Crimes defined
The International Military Tribunal (IMT) charter, on which the trials were based, identified four acts that would be recognised as crimes subject to individual responsibility. These were:
- crimes against peace: including planning, initiating and waging aggressive war or war in violation of international treaties and agreements
- conspiracy to accomplish these crimes: covering pre-war plans
- war crimes: ill treatment of civilian populations and prisoners of war and the wanton destruction of cities not justified by military necessity
- crimes against humanity: extermination, enslavement, deportation and other inhumane acts committed against civilian populations.
General Dwight Eisenhower inspecting prisoners' corpses at a liberated concentration camp, 1945
All the defendants in the first Nuremburg trial were indicted on at least two of these counts and several on all four; the Japanese defendants were charged with crimes that were worded slightly differently but amounted to much the same thing (see Sentencing). This was the first time that charges of 'war crimes' and 'crimes against humanity' were defined and used in a prosecution.

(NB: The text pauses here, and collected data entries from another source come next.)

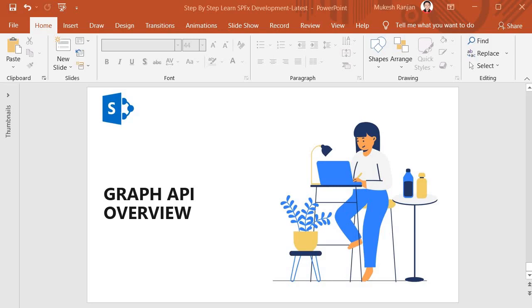Hello guys, welcome back. Now in this session we are going to discuss about Graph API. What actually the Graph API is and where does it exist within the M365 ecosystem. Let's start our discussion.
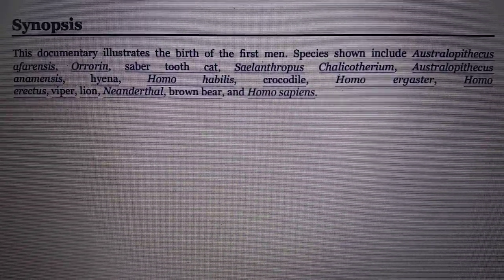Saber-toothed cat. That's basically it. And yes, I have seen the documentary. Well, you know, it was okay.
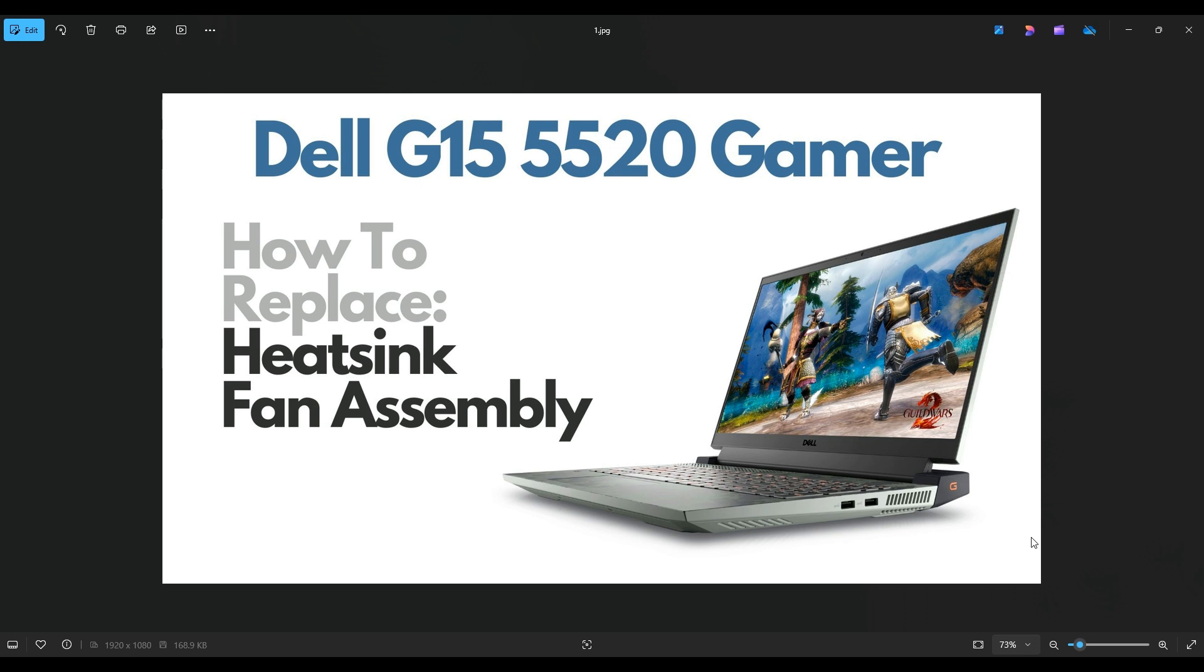In this video, I have a Dell G15 5520 Gamer. I'm going to show you how to get inside, access your fan, heat sink assembly, your CPU, that whole area.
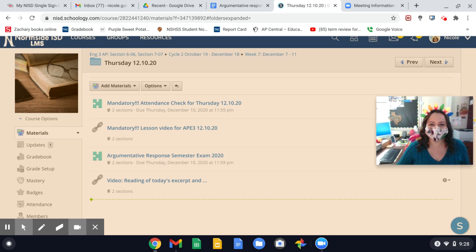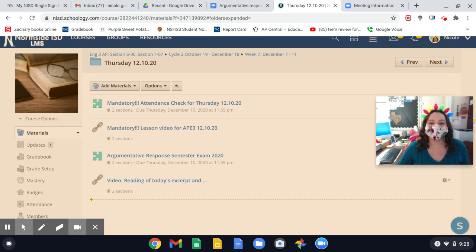Good morning, Chickadeos and Chickadees. Today is Thursday, December 10th, and this is your In Case You Missed It.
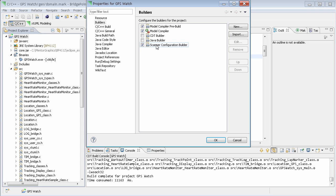It should also be noted that there is almost no circumstance where you would want to turn off the model compiler pre-builder. So, just leave that one on all the time.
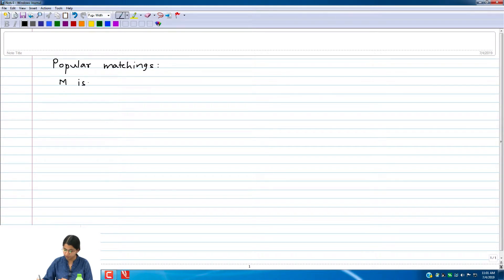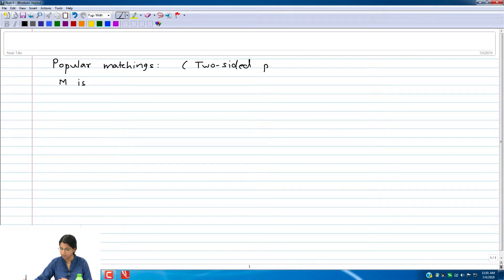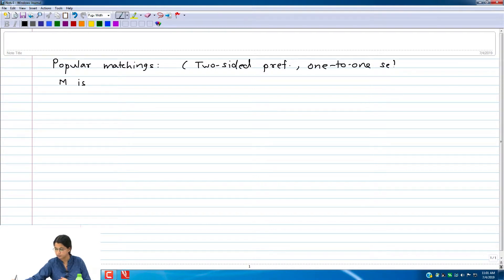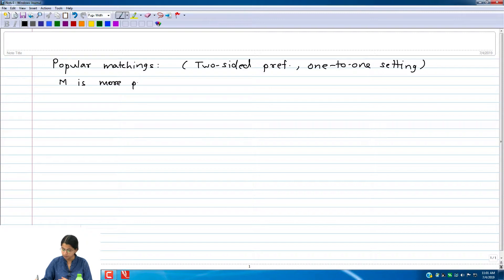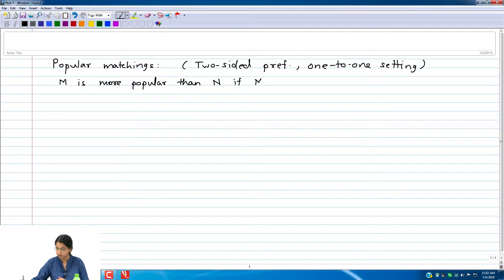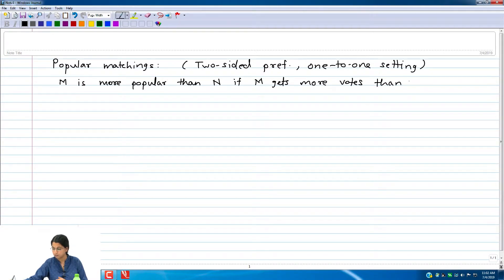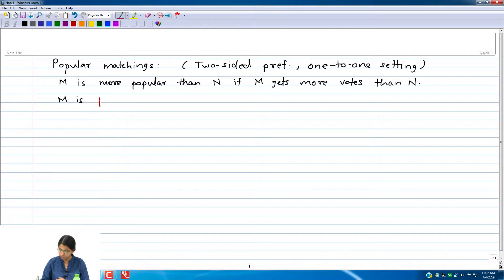We have two-sided preferences and a one-to-one setting — that is, everybody can have only one match or one partner. M is more popular than N if M gets more votes than N. We say that M is popular if no other matching gets more votes than M.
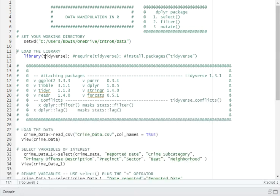Next, we need to load the library, and we are going to make good use of the tidyverse package.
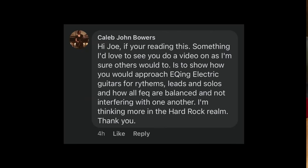Hey, this is Joe from Home Studio Corner. I recently did a video on how I like to EQ acoustic guitar, and I got this comment on that video.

The IMT charter includes two precedents that have informed later legislation. Article 7 states that 'the official position of defendants, whether as heads of state or responsible officials in government departments, shall not be considered as freeing them from responsibility'. Article 8 states that 'the fact that the defendant acted pursuant to an order of his government or of a superior shall not free him from responsibility'.